EXERCISE DIRECTIONS: Your answer should consist of each line from the data below that contains "were".

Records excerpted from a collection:
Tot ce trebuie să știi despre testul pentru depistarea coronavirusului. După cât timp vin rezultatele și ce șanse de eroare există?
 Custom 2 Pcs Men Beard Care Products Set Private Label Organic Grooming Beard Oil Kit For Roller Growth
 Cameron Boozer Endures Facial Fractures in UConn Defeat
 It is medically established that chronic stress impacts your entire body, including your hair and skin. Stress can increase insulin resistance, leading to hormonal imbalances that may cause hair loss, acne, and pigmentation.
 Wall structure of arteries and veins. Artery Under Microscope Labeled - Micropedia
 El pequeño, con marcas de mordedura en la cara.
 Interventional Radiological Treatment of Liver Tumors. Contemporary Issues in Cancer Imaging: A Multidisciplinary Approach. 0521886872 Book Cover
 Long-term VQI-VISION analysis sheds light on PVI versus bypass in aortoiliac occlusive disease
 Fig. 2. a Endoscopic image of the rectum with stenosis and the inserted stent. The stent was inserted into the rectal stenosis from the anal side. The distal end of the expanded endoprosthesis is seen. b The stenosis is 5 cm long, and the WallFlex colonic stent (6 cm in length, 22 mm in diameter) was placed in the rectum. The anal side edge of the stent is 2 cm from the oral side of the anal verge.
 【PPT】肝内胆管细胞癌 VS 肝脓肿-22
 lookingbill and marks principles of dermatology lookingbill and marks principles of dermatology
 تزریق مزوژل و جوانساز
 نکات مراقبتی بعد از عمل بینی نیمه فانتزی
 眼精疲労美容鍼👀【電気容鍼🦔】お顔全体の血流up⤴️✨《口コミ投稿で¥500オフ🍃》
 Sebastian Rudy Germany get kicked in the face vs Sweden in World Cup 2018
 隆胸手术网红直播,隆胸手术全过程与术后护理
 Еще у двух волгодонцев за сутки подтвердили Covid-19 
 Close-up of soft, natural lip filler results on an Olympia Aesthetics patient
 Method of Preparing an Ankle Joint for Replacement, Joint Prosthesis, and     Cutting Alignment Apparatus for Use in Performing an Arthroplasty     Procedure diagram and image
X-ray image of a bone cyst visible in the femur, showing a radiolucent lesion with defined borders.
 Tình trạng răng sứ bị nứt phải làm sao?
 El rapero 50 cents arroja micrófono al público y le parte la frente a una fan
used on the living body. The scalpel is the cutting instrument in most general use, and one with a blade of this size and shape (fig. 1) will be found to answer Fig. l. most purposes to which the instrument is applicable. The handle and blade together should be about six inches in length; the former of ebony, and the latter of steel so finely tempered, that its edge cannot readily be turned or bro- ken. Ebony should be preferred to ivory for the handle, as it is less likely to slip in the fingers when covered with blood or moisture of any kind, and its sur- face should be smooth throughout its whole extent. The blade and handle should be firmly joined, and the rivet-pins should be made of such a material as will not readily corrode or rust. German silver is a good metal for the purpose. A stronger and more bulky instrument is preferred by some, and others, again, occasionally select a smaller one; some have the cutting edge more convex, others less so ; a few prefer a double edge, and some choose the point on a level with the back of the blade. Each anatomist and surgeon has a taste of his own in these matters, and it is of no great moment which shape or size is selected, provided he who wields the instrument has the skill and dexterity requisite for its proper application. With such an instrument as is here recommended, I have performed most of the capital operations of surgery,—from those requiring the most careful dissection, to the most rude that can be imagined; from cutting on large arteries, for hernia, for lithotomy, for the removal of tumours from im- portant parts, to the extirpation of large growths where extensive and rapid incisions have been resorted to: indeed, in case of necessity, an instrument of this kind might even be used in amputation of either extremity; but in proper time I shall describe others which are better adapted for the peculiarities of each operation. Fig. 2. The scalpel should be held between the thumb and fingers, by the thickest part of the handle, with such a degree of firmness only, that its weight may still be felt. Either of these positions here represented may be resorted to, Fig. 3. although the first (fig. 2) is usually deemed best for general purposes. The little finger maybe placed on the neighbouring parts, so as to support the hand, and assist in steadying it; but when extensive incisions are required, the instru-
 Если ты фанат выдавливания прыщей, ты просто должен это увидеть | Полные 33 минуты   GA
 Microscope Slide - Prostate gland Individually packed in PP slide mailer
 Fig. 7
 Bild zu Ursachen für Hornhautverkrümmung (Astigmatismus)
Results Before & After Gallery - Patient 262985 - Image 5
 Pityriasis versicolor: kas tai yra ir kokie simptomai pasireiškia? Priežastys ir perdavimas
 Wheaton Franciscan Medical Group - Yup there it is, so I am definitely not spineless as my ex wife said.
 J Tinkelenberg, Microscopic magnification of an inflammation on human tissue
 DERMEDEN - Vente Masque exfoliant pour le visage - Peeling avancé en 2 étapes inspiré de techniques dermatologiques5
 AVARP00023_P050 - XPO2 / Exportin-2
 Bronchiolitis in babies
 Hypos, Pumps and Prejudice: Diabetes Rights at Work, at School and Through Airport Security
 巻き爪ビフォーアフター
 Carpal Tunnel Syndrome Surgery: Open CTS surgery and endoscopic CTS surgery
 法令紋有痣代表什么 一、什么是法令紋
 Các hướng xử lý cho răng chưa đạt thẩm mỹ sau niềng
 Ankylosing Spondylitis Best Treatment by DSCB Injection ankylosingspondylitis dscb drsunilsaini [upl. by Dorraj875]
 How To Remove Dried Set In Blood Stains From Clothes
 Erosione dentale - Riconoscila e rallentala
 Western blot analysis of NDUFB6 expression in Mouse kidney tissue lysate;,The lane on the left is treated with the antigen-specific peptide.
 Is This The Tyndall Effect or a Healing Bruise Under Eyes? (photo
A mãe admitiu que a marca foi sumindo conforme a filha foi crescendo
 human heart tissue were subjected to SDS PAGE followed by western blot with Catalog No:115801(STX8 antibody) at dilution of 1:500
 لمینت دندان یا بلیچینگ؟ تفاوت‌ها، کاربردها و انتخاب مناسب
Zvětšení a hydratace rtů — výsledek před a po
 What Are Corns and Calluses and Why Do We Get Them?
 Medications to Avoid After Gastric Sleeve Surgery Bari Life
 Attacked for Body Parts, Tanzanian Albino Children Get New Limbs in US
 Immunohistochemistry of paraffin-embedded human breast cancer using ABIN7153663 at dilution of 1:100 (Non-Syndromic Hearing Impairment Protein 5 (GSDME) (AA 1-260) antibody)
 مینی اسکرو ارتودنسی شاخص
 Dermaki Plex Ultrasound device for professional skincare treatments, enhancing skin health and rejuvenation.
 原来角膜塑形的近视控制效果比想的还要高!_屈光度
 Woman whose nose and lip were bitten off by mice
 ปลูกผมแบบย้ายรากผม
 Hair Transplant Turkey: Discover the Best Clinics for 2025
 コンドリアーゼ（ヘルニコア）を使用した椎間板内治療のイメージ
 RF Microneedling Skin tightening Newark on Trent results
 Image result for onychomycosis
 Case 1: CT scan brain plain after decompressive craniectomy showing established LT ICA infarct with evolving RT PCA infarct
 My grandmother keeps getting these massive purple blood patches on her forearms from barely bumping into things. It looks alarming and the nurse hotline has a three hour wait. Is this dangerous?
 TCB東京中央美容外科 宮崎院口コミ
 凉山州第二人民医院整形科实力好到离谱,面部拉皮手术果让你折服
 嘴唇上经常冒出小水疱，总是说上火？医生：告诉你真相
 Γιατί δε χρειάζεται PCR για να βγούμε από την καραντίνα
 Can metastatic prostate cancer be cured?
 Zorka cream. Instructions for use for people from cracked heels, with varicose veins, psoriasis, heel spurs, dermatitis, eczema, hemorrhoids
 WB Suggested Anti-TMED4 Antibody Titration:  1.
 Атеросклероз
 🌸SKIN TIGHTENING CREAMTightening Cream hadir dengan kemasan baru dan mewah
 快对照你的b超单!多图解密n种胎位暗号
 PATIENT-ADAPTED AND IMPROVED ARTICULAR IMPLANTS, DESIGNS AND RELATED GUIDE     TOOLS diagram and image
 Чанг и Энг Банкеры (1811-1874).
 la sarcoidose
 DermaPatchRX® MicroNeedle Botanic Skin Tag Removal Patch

EXERCISE OUTPUT:
 human heart tissue were subjected to SDS PAGE followed by western blot with Catalog No:115801(STX8 antibody) at dilution of 1:500
 Woman whose nose and lip were bitten off by mice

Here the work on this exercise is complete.